* _DIRECTIONS_:
Restate every entry word for word.

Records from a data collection
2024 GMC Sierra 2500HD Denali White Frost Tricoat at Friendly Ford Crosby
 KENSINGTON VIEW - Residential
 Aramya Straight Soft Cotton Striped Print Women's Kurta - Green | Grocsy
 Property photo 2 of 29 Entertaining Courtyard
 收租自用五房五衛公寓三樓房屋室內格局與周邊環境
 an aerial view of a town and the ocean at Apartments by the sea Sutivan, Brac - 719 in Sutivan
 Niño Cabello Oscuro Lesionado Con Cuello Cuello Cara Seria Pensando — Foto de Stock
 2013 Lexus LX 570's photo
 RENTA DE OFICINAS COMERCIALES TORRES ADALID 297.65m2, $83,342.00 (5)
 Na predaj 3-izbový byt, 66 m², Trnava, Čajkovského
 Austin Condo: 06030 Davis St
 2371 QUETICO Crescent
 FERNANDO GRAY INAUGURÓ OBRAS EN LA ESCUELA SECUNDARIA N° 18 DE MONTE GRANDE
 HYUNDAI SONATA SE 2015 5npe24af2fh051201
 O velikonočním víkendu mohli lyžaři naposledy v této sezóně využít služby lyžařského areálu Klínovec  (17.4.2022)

* _RESPONSE_:
2024 GMC Sierra 2500HD Denali White Frost Tricoat at Friendly Ford Crosby
 KENSINGTON VIEW - Residential
 Aramya Straight Soft Cotton Striped Print Women's Kurta - Green | Grocsy
 Property photo 2 of 29 Entertaining Courtyard
 收租自用五房五衛公寓三樓房屋室內格局與周邊環境
 an aerial view of a town and the ocean at Apartments by the sea Sutivan, Brac - 719 in Sutivan
 Niño Cabello Oscuro Lesionado Con Cuello Cuello Cara Seria Pensando — Foto de Stock
 2013 Lexus LX 570's photo
 RENTA DE OFICINAS COMERCIALES TORRES ADALID 297.65m2, $83,342.00 (5)
 Na predaj 3-izbový byt, 66 m², Trnava, Čajkovského
 Austin Condo: 06030 Davis St
 2371 QUETICO Crescent
 FERNANDO GRAY INAUGURÓ OBRAS EN LA ESCUELA SECUNDARIA N° 18 DE MONTE GRANDE
 HYUNDAI SONATA SE 2015 5npe24af2fh051201
 O velikonočním víkendu mohli lyžaři naposledy v této sezóně využít služby lyžařského areálu Klínovec  (17.4.2022)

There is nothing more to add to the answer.